A classic and authentic Ayam Percik from the state of Terengganu, featuring chicken marinated and grilled with a rich, spicy, and slightly sweet coconut milk-based sauce. The sauce is traditionally made from scratch with a blend of chilies, lemongrass, galangal, and tamarind, then generously basted onto the chicken during grilling.

Nilai resipi ini

Pilih 1 hingga 5 bintang. Setiap resipi hanya boleh dinilai sekali.

Belum ada penilaian.

Bahan

  • Chicken pieces (thighs and drumsticks)1 kg
  • Coconut milk (thick)400 ml
  • Dried chilies15-20
  • Shallots10-12
  • Garlic cloves5-6
  • Lemongrass stalks2
  • Galangal2 cm
  • Turmeric powder1 tsp
  • Tamarind paste2 tbsp
  • Sugar (palm sugar preferred)3 tbsp
  • Saltto taste
  • Vegetable oil3 tbsp
  • Water100 ml
  • Cilantro (for garnish)a few sprigs
  • Cucumber slices (for garnish)a few

Langkah

  1. 1

    Soak dried chilies in hot water for 15 minutes, then drain.

  2. 2

    Blend soaked chilies, shallots, garlic, lemongrass (bruised part), galangal, and turmeric powder with a little water to form a smooth paste.

  3. 3

    Heat vegetable oil in a pot over medium heat. Sauté the blended paste until fragrant and the oil separates.

  4. 4

    Add thick coconut milk, tamarind paste, sugar, and salt.
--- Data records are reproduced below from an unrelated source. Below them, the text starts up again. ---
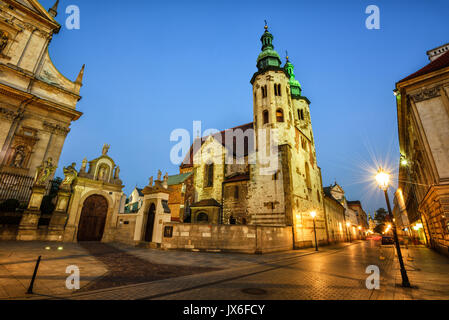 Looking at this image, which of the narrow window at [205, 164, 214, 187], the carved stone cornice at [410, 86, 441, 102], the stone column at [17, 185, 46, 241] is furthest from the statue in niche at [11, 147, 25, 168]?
the carved stone cornice at [410, 86, 441, 102]

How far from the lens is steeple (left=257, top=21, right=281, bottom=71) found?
1086 inches

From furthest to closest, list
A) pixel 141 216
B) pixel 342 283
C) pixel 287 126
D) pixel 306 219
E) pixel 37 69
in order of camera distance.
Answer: pixel 287 126, pixel 306 219, pixel 37 69, pixel 141 216, pixel 342 283

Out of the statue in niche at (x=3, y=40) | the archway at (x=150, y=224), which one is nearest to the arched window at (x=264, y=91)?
the archway at (x=150, y=224)

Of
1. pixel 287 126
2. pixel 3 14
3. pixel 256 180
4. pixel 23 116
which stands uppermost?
pixel 3 14

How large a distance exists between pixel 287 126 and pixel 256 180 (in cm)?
777

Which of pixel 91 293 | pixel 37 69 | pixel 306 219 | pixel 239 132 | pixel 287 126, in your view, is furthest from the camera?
pixel 239 132

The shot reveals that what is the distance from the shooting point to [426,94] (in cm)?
1330

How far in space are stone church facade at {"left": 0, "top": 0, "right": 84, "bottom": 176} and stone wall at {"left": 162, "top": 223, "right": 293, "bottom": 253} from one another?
15.4 m

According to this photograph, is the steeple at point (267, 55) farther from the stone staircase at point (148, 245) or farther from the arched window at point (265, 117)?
the stone staircase at point (148, 245)

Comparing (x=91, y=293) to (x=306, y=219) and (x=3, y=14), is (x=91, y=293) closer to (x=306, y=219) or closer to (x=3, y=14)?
(x=306, y=219)

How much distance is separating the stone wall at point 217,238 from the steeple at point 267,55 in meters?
22.1

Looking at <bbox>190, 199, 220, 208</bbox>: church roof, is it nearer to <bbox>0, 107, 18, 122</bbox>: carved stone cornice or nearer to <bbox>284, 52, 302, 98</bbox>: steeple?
<bbox>0, 107, 18, 122</bbox>: carved stone cornice

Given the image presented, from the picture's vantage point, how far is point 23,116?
62.4 feet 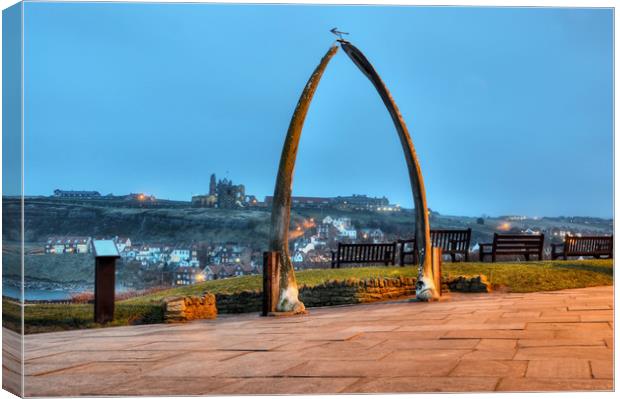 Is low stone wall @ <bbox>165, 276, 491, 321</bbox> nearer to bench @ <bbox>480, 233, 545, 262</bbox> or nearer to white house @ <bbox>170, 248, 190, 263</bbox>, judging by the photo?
bench @ <bbox>480, 233, 545, 262</bbox>

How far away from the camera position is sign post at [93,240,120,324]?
22.0ft

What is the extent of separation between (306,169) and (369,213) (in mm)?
811

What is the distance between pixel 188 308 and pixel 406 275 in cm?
355

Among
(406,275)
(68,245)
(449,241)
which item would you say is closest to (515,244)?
(449,241)

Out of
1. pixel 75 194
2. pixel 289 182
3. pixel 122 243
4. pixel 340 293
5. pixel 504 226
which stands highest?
pixel 289 182


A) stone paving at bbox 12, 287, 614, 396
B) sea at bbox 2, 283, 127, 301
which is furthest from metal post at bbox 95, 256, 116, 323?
sea at bbox 2, 283, 127, 301

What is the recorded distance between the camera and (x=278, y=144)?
8266 millimetres

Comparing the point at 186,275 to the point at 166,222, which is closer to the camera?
the point at 166,222

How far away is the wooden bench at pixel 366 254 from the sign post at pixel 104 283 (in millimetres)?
3089

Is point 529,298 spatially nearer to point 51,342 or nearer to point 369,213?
point 369,213

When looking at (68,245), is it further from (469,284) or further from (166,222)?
(469,284)

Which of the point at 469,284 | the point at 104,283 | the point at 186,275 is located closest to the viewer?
the point at 186,275

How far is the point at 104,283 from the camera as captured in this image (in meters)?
7.40

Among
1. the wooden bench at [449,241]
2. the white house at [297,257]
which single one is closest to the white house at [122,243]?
the white house at [297,257] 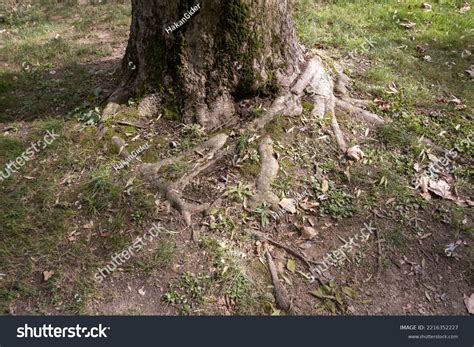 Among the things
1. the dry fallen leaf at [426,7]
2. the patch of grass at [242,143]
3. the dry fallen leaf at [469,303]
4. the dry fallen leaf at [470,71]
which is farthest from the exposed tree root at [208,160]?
Answer: the dry fallen leaf at [426,7]

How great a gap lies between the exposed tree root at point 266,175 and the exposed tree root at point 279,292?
51cm

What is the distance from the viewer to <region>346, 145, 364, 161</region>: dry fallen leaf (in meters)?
3.98

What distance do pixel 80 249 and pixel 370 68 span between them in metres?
4.02

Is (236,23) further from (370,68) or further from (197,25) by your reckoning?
(370,68)

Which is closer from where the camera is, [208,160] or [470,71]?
[208,160]

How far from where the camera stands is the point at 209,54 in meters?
3.89

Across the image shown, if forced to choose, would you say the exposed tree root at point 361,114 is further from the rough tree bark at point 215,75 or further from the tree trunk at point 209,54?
the tree trunk at point 209,54

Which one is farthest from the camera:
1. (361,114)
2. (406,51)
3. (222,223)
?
(406,51)

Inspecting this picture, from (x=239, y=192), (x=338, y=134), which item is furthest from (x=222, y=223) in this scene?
(x=338, y=134)

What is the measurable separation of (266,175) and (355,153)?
0.88m

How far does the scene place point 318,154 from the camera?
3.99 meters

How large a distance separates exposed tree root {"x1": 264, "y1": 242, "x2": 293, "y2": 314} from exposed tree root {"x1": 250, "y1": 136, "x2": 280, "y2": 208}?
1.68 feet

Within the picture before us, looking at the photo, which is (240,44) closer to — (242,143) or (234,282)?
(242,143) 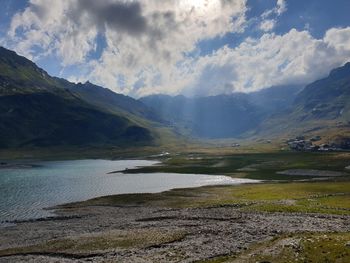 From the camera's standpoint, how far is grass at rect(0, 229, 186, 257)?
57156 mm

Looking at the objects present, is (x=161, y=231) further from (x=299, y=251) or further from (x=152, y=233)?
(x=299, y=251)

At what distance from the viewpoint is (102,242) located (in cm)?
6041

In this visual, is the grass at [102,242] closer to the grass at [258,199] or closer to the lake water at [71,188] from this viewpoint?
the grass at [258,199]

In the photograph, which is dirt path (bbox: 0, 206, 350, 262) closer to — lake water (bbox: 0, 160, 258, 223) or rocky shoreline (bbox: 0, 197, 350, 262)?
rocky shoreline (bbox: 0, 197, 350, 262)

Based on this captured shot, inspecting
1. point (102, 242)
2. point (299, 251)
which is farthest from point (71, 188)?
point (299, 251)

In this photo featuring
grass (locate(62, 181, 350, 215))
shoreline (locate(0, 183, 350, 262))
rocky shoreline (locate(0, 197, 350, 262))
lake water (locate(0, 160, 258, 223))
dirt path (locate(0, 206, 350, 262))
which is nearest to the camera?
rocky shoreline (locate(0, 197, 350, 262))

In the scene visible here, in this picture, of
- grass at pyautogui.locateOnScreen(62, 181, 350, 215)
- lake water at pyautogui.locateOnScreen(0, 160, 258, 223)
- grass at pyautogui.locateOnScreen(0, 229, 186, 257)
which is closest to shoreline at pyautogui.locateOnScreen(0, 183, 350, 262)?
grass at pyautogui.locateOnScreen(0, 229, 186, 257)

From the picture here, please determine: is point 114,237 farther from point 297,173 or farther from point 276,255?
point 297,173

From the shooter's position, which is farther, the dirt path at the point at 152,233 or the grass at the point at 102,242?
the grass at the point at 102,242

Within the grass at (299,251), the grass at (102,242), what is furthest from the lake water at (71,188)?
the grass at (299,251)

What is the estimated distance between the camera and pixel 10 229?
75.5 meters

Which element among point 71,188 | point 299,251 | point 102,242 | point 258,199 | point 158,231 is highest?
point 71,188

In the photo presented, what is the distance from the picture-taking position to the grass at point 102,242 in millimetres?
57156

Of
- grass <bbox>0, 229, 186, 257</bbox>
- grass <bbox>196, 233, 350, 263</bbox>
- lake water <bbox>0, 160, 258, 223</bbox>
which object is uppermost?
lake water <bbox>0, 160, 258, 223</bbox> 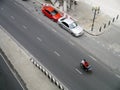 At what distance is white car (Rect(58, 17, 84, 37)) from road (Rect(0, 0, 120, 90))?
27.5 inches

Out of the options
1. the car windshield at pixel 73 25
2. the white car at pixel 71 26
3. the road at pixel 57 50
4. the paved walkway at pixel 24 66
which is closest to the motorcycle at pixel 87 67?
the road at pixel 57 50

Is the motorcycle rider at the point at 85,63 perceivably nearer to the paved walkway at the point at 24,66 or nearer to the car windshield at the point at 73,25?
the paved walkway at the point at 24,66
Stir well and bring to a simmer. Cook for about 15-20 minutes, stirring occasionally, until the sauce thickens.

  5. 5

    Divide the sauce into two portions: one for marinating and one for basting.

  6. 6

    Marinate the chicken pieces in one portion of the sauce for at least 30 minutes (or preferably 1-2 hours in the refrigerator).

  7. 7

    Preheat grill or broiler to medium-high heat.

  8. 8

    Grill the marinated chicken, turning occasionally. Baste generously with the reserved sauce during the last 10-15 minutes of grilling until the chicken is cooked through and slightly charred.

  9. 9

    Serve hot, garnished with cilantro and cucumber slices.